Start of Data
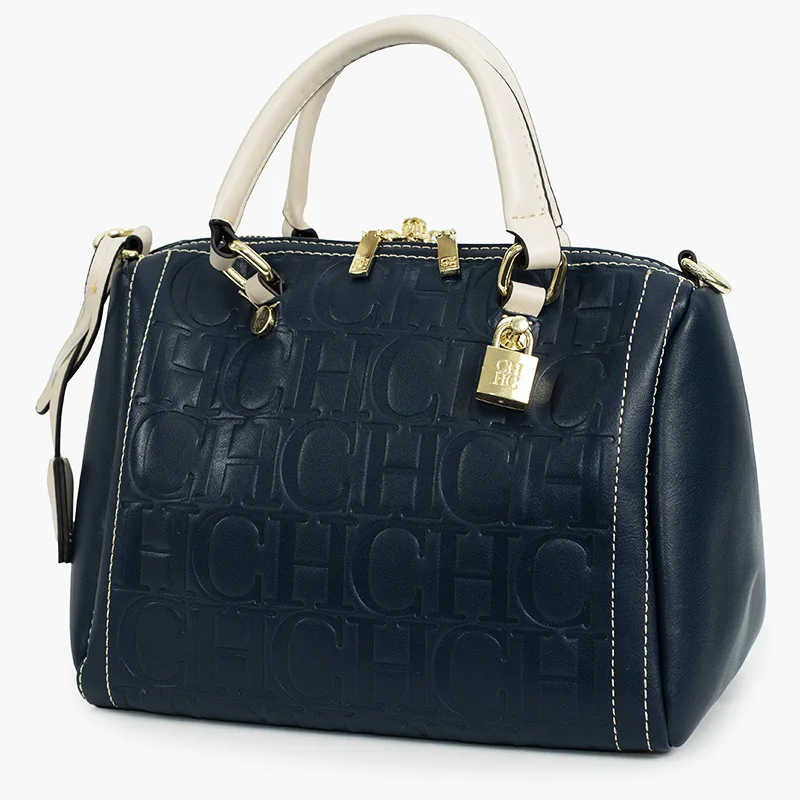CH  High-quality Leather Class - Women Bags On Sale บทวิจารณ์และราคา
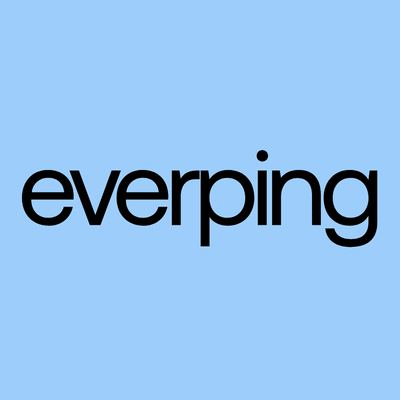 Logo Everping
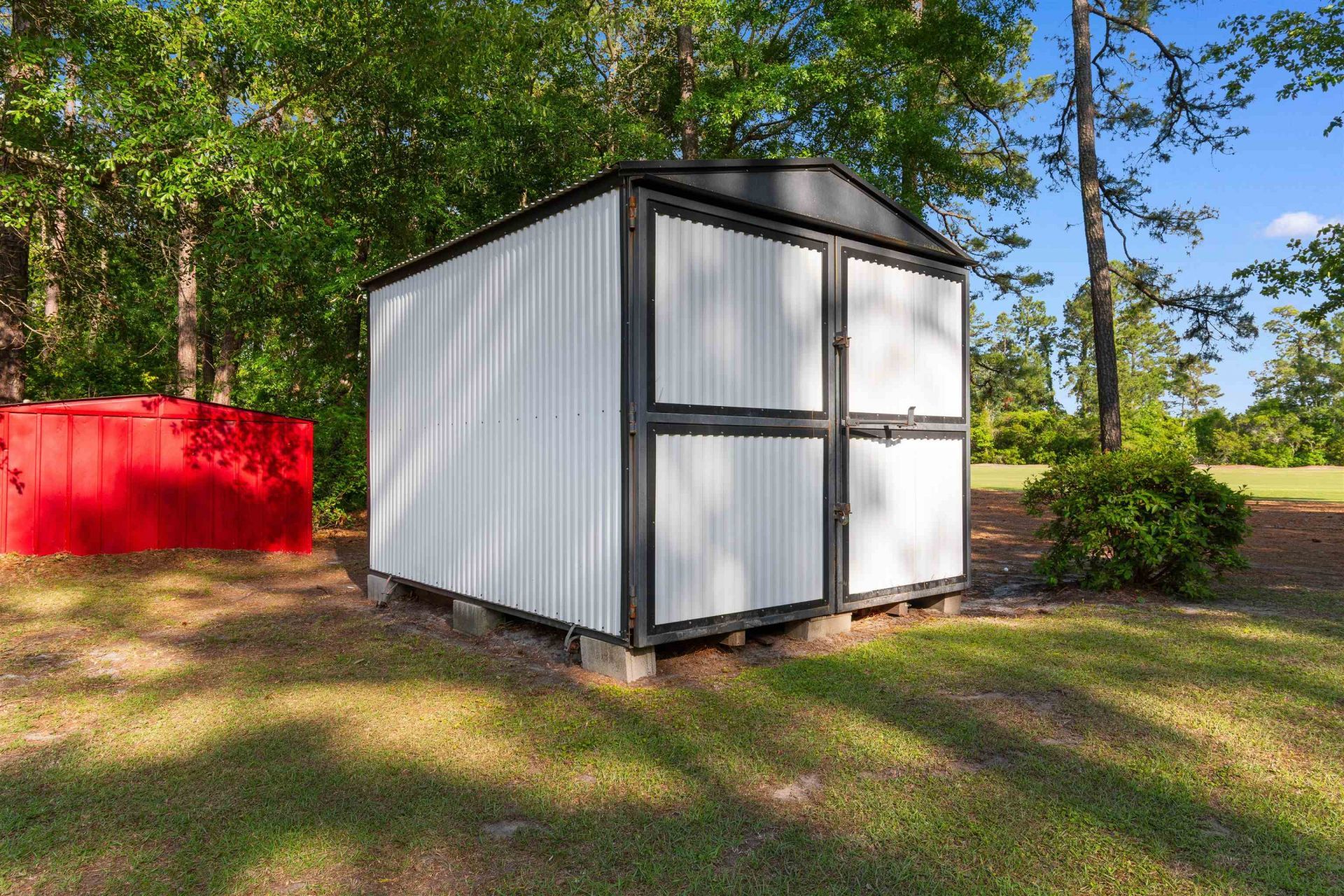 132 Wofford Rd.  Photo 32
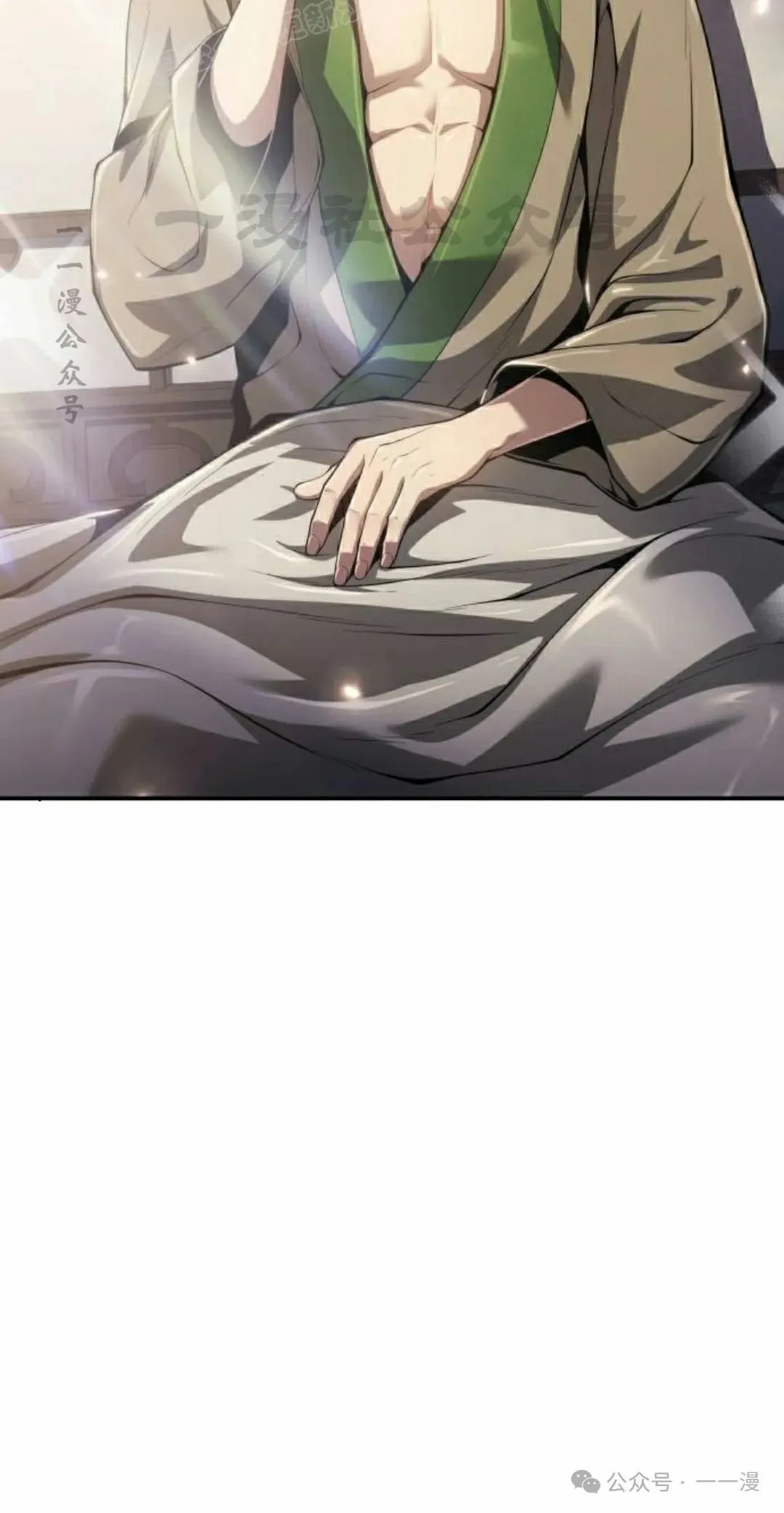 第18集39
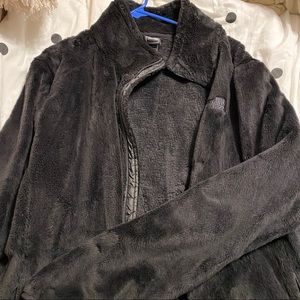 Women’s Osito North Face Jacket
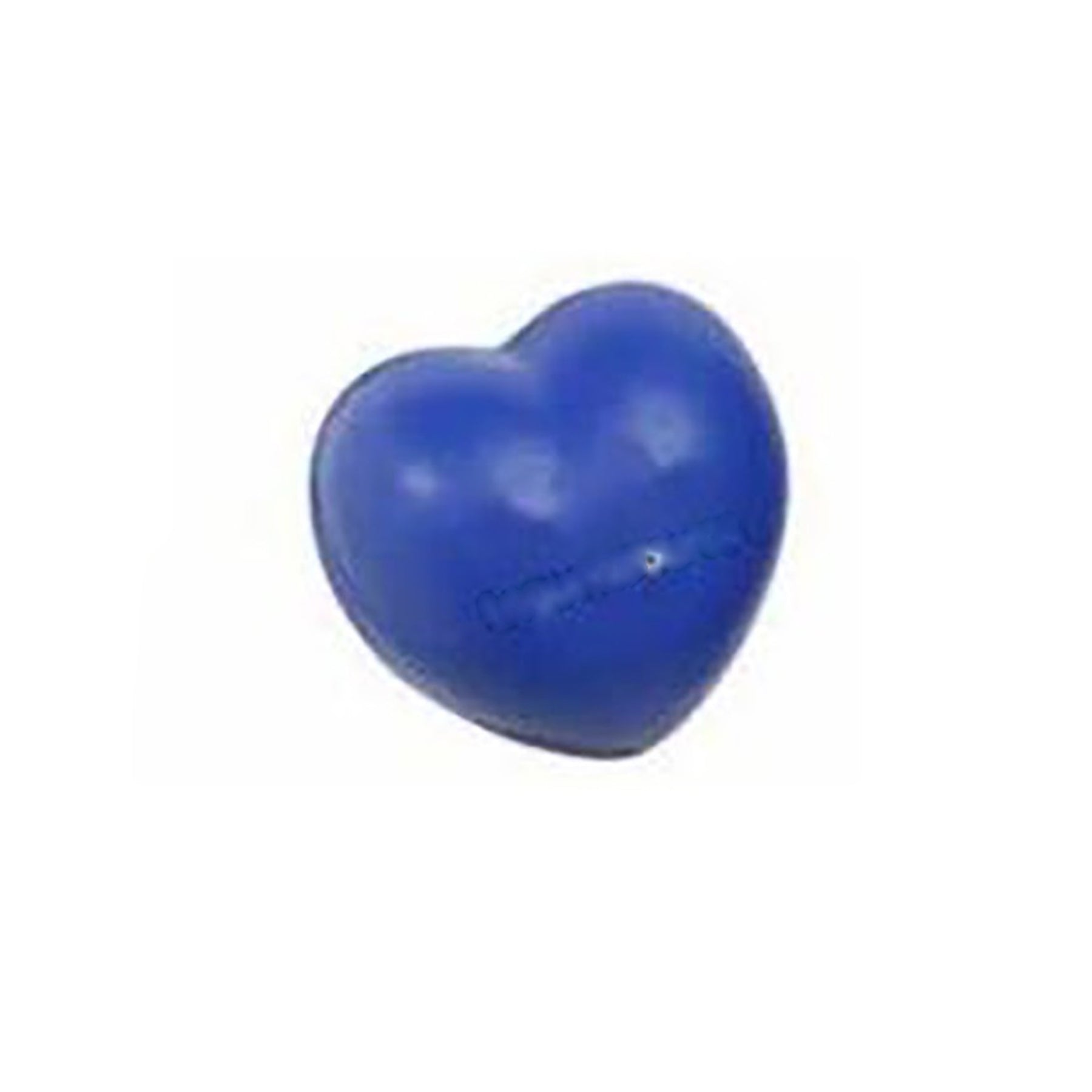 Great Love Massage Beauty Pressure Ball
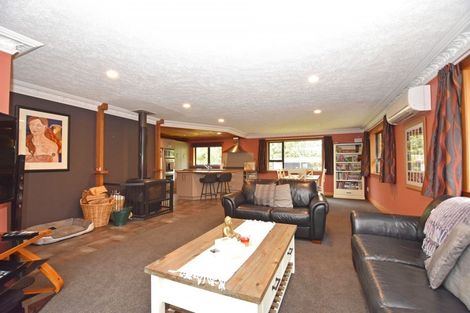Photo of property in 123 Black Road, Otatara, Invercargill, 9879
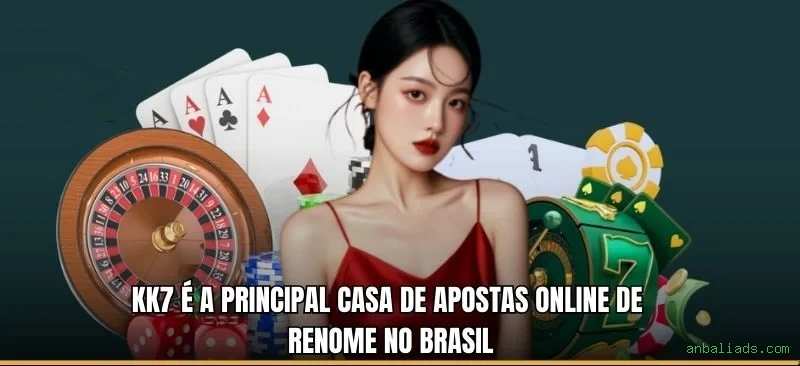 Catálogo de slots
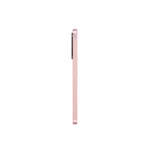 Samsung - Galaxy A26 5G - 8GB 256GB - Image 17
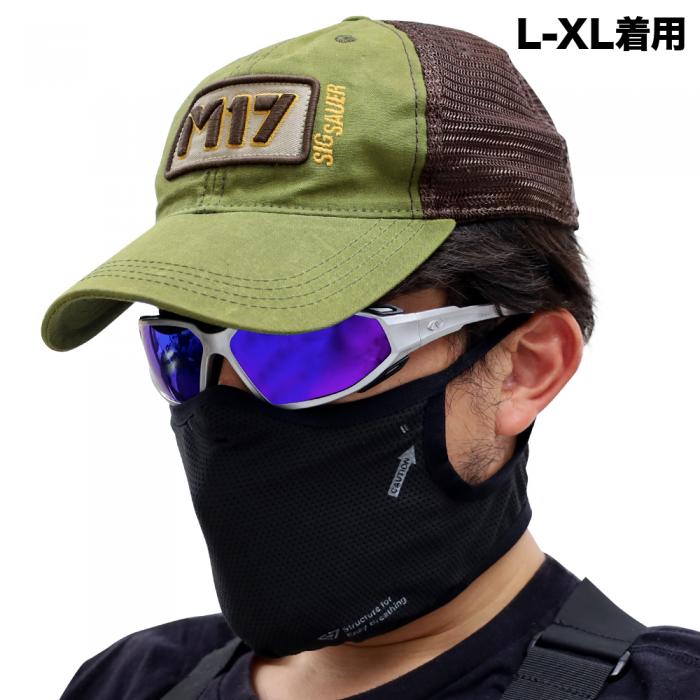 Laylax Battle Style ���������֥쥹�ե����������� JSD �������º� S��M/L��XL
End of Data
Activity → The answer must be an exact copy of the lines from the one containing "Photo of property" through the last line of the records, and nothing else. Pictures do not belong in it.

Output below →
Photo of property in 123 Black Road, Otatara, Invercargill, 9879
 Catálogo de slots
 Samsung - Galaxy A26 5G - 8GB 256GB - Image 17
 Laylax Battle Style ���������֥쥹�ե����������� JSD �������º� S��M/L��XL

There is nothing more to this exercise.